The flames flickered in Kaiyonani’s eyes as she realized why she had been summoned. “Grandfather, you can’t mean—”
“It is true. Surely you must have known that you were destined for this. I may have some life in me yet, but I won’t be around forever.”
“I suspected Barrus would be the next dragonspeaker.”
Haemado grinned but shook his head. “Barrus will make a fine leader for the tribe. He is strong and fearless, but I can see in his eyes that he will always lack wisdom. A dragonspeaker must be just as brave, and willing to endure, but they must also be cunning. No, Kaiyonani, it was always you.”
She exhaled, uncertainty causing her breath to shudder. “But I have no dragon. We’ve seen none that aren’t accounted for in the skies.”

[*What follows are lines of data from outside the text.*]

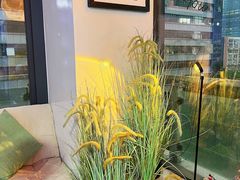 -CIAO·团建聚餐·生日派对轰趴馆(福田店)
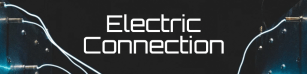 Electric Connection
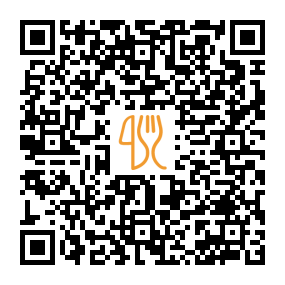 QR-kód az étlaphoz: Laguna Büfé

“A dragonspeaker must also know when to lie—or at least, when to omit the truth. Another dragon waits in the sands. Five, in fact.” When he saw Kaiyonani’s brow furrow, he nodded. “Iraneth had a brood. They are without their mother now, and will need aid to survive the days ahead. One of them will be the one you bond with.”
“I can’t do this, Grandfather. I don’t know how.”
“You will learn, as we wall did,” Haemado returned. “Consider this: when it was my turn to take up the mantle, the previous dragonspeaker had already passed on. I will guide you as best I can. I have no doubt that you will be the greatest dragonspeaker that ever lived.”
The elder kaja stood, and gathered a large wooden bowl from the side of his hut. Without hesitation, he dumped its contents on the fire. The water and the flame met, sending a sizzling protest into the air. Steam fled to the room and the open chimney, and only a few embers remained behind. Haemado traded his bowl for one of the pieces of tinder, charred black from the heat.
“We will spend several days preparing you for your journey, my child. Even though that moment is on the horizon, we must treat it with the utmost urgency.” He pressed the stick into the ground, rubbing the black into the dirt. “First, you must know where you are going.”
* * * * *
Kaiyonani looked at the long stretch of the Kehara desert before her. Sparkling sands were disappearing into the horizon, as far as the kaja could see. It was the farthest she had ever been from home. A glance over her shoulder proved that thought, for the oasis was no longer in sight. Tall dunes obscured her view of it, though the setting sun assured her she would not be able to consider that homesickness for long.
There were still many miles to go, and long shadows would creep across the desert before long. The dragonspeaker ascendant would have to consider the journey ahead in order to protect the paradise she had left behind.